====== Source data

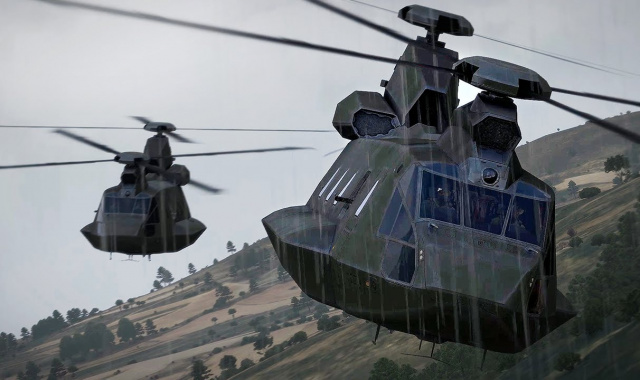 Arma 3: Helicopters-DLC und Update 1.34 verfügbar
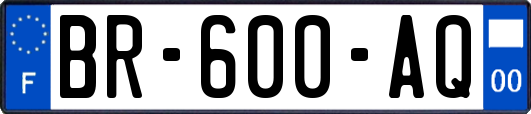 BR-600-AQ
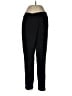 Eileen Fisher Chevron-herringbone Black Dress Pants Size M - photo 1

============

* [Required action] Write out the material above exactly. Skip the pictures.

* [Exercise solution]
 Arma 3: Helicopters-DLC und Update 1.34 verfügbar
 BR-600-AQ
 Eileen Fisher Chevron-herringbone Black Dress Pants Size M - photo 1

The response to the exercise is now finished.